It’s that time of year again! Time for the top food talent in my hometown to compete in the Milton Keynes Food Awards cook off. I was a judge last year and even more excited to be a part of it this time around, with eight chefs (some from my favourite local restaurants) battling for the coveted title of chef of the year.
I pitched up at the local college where the cook off was taking place to find a flurry of activity. Trainee chefs huddling at the bar waiting to assist the competitors, local reporters setting up their recording equipment, Steve (MK Food Awards organiser) making the final checks and hungry judges chatting about the anticipated food to come.
The chefs, all knowing what was at stake demonstrated a healthy dose of nerves. Some stayed deathly quiet whilst others cracked jokes. Some remained fixated on their box of ingredients; you could see the cogs ticking!
The Line Up
- Daniel Novak – Woburn Brasserie
- Vikram – Maaya
- Neil Grimble – Black Horse
- Grae Conyers – Nonna’s
- Chris Doyle – Oliviers
- Brendan Flynn – Bell & Bear
- Spencer Ollington – Bistro Live
- Jack Bejhet – Crooked Billet
For round one, the chefs were tested on their creativity and improvisation skills with surprise boxes, filled with ingredients to create whatever starter they wanted.
Whilst they all got cooking, us judges milled around the kitchen asking what everyone was cooking and analysing every chop, peel and stir. As if the competition wasn’t nerve wracking enough! I really love this bit of the judging; it offers a very rare view into the world behind what gets put on your table at a restaurant. I love observing alls the many different processes that go into the dishes; it’s so very much more intense than cooking at home!
Judges tried guessing at what would be created with the ingredients. We thought scotch eggs or sausages would be popular, in reality it was risotto which ran a common theme among the starters.
(Most of them!)
Amazing how the same ingredients can produce such different results! The winners for me were the ones with creamy, lemony rice and use of the thickest part of the fish.
Mains were a freestyle: show us what you’ve got.
It’s one thing having some blogger buzzing around you and pushing their camera into your personal space whilst you work against the clock… it’s a whole other world of nerves when Phil Fanning, Michelin-starred owner of Paris House leans over your shoulder to observe your work!
*Stay cool, stay cool*
Chefs were met with a wall of cameras as they emerged from the kitchen. I loved that Vikram took some time to pose for us!
This round was really exciting because everything that arrived at the judging table was totally different.
The porcini mushroom sauce on this meal was stunning, so much so that I returned to it after tasting the others to have some more!
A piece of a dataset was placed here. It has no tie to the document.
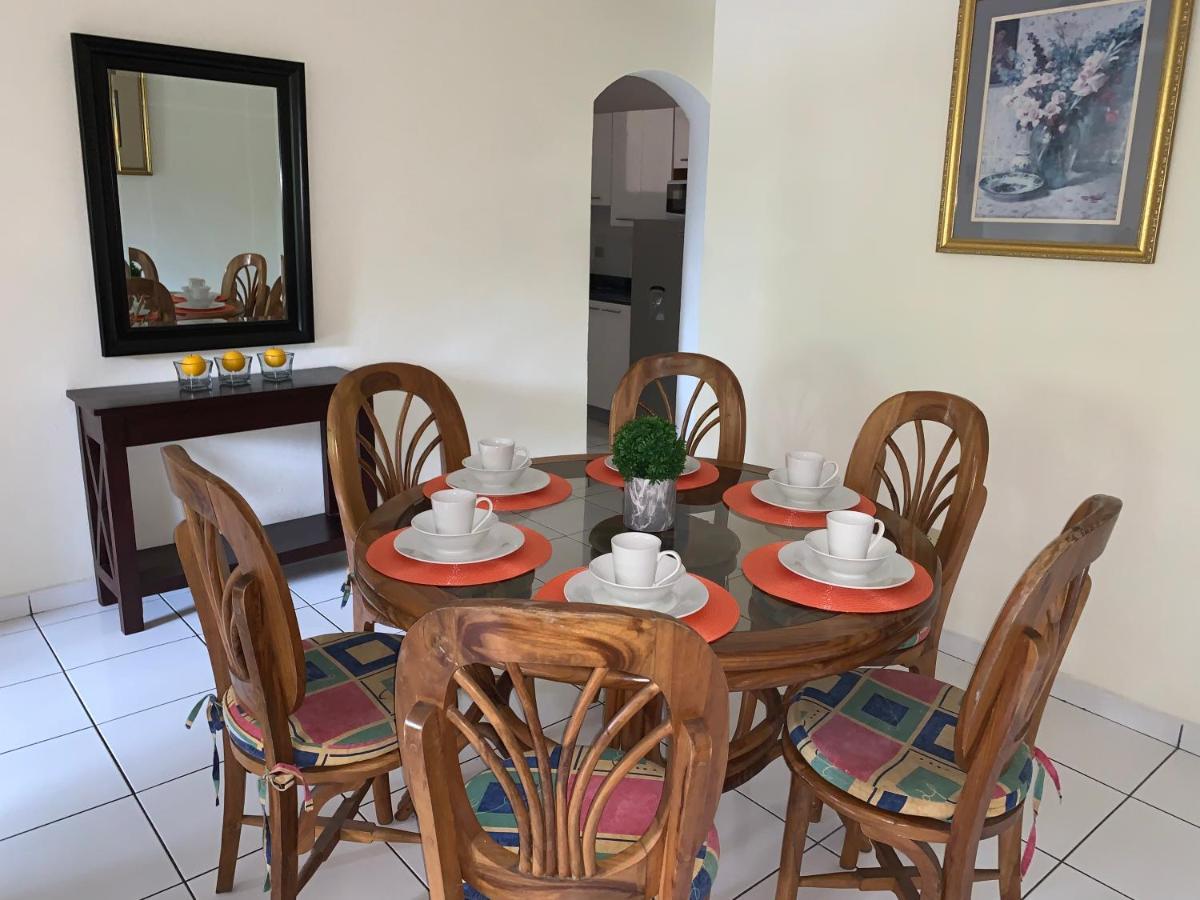 Apartamento Completo Appartement San Salvador Buitenkant foto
Other than a slightly soggy bottom on the pastry this dish was flawless.
This main from Neil at the Black Horse won the hearts of mine and a few other judges for being so damn joyful. He was incredibly passionate when describing his celebration of wild garlic and the coming Summer. Tasting this took me to a happy place with sunshine and crisp white wine. Neil: get this on your menu!
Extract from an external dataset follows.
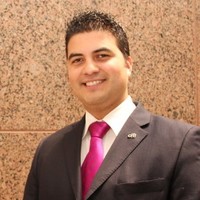 Julio V. Mateo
And the presentation of this dish was utterly glorious. Food presented like this makes me feel like I’m eating an some Game of Thrones style banquet. Wonderful!
The last round was a technical test with a trio of desserts: chocolate fondant, cheesecake and the chef’s signature. Imagine the judge’s joy when we realised that eight chefs making three desserts each means we’d be tucking into twenty-four (twenty four!) desserts! Fellow blogger Lou and I were particularly excited, sniffing around chefs for tasters and empty bowls to lick!
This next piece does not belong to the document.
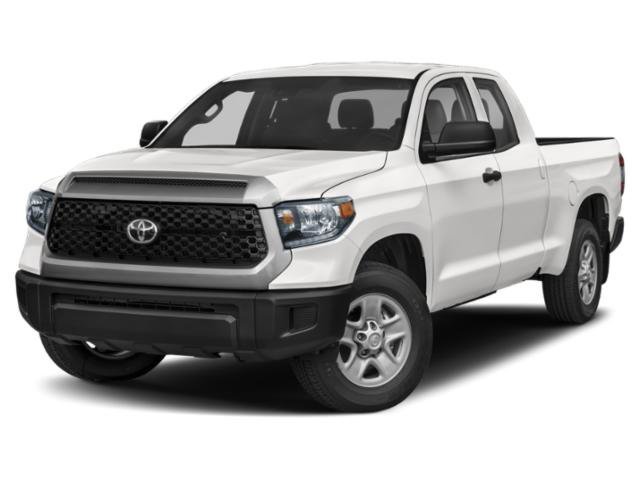 2018 Toyota Tundra 4WD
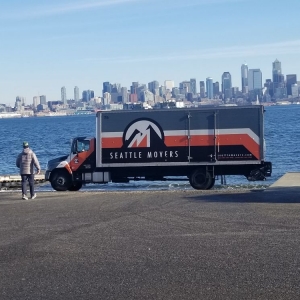 Photo of Seattle Movers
Undoubtedly the best dish which came from Maaya was their signature Indian spiced rice pudding. It was creamy and sophisticated and worked really well with the fresh berries. Simple but very effective.
This dessert from Spencer at Bistro Live had it all going on, including a particularly delicious “white chocolate and raspberry thingy” as it was getting called amongst the judges.
The pink notes on this dessert were just dreamy. I’m not sure what the pink dust was but it’s so very delicate and pretty! Sadly the fondant wasn’t quite hitting the goo factor as we delved our spoons into it.
Wow. That was a lot of food to consume! The top button on my jeans feared for its life as we sat around a table counting scores and deliberating over who was our favourite chef from the day.
It’s amazing how much opinions can differ on the same experience. Phil and I debated long over one of the starters which he had described as a ‘car crash’ whilst I had found it utterly moreish! There were differences in what judges held in highest regard too; for some it was taste, for some the technicality of the dish, whilst others gave merit for use of local ingredients. What we did all agree on, was that it had all been very interesting. Some chefs I had expected to stand out blended in, whilst others, from restaurants I’m yet to try, surprised me with their flare.
Our results? I’ve been sworn to secrecy I’m afraid. But the 2016 chef of the year will be revealed on 8th May at the MK Food Awards ceremony.